UC is a type of remitting and relapsing IBD characterized by inflammation of the colonic mucosa, which originates in the distal colon and can extend proximally to encompass the entire colon. The etiology of UC is thought to result from a complex interplay of environmental factors, the gut microbiome, the immune system, and genetic predisposition. Common clinical manifestations of UC include diarrhea with blood, frequent abdominal pain, fatigue, and fecal incontinence [1, 2]. In addition, data from various studies have demonstrated a growing incidence of UC in developing countries, particularly in Asia. Previously considered low-risk populations, such as those in Japan and India, have also witnessed an increase in UC incidence, with rates ranging from 0.5 to 31.5 cases per 100,000 individuals annually [3, 4].

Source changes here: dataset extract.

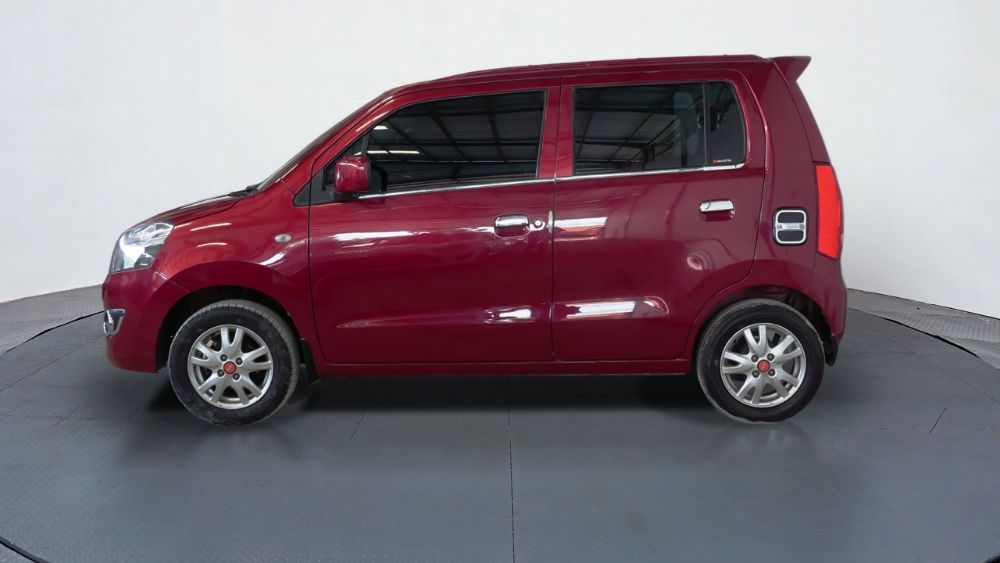 Dijual 2014 Suzuki Karimun Wagon R GL 4X2 MT GL 4X2 MT Bekas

Timely and accurate diagnosis and treatment of UC are very important. At present, there is no single gold standard model for the diagnosis of UC, and although endoscopy, ultrasound, histological analysis, and various biomarkers, such as fecal calcitonin and fecal milk protein, are increasingly used in noninvasive diagnosis and detection, there is no obvious advantage in the early diagnosis of the disease [57]. To date, genome-wide association studies (GWAS) have identified numerous UC susceptibility sites [8]. Despite these advancements, limited progress has been made in the early diagnosis and understanding of UC from a molecular genetic perspective. Hence, there is a pressing need to establish a reliable molecular genetic marker for early diagnosis and improved clinical management of the disease. Machine learning is increasingly being utilized in various fields due to its ability to be integrated with a wide range of variables. In the medical field, the maturity of this technology has been demonstrated in the diagnosis of Alzheimer’s disease and breast cancer [9, 10].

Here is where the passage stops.